◆ How to complete this task
All lines from the one containing "Automatic Water Gun" through the final line of the entries are to be written out verbatim; no other line is to be included.

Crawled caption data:
----
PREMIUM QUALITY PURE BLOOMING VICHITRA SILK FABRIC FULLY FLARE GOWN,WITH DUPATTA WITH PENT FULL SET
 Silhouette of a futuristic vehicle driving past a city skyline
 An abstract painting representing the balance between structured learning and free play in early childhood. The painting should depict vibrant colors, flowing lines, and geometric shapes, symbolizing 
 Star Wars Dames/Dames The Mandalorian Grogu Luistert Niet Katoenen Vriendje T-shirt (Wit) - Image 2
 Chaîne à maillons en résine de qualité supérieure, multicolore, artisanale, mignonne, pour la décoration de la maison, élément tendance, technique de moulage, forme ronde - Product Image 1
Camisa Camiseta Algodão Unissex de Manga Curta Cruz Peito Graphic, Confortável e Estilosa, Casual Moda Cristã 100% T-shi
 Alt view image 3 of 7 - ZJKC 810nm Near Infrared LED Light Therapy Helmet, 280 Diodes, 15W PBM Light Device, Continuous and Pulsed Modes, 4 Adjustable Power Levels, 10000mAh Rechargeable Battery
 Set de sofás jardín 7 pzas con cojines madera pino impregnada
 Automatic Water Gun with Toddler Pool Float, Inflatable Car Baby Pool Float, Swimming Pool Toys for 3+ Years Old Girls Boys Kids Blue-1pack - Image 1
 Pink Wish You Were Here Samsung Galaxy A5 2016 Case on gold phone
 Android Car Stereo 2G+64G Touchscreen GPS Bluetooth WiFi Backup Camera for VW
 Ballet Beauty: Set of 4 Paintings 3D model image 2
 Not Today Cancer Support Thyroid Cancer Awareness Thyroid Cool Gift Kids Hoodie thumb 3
----
◆ Solution for this problem
 Automatic Water Gun with Toddler Pool Float, Inflatable Car Baby Pool Float, Swimming Pool Toys for 3+ Years Old Girls Boys Kids Blue-1pack - Image 1
 Pink Wish You Were Here Samsung Galaxy A5 2016 Case on gold phone
 Android Car Stereo 2G+64G Touchscreen GPS Bluetooth WiFi Backup Camera for VW
 Ballet Beauty: Set of 4 Paintings 3D model image 2
 Not Today Cancer Support Thyroid Cancer Awareness Thyroid Cool Gift Kids Hoodie thumb 3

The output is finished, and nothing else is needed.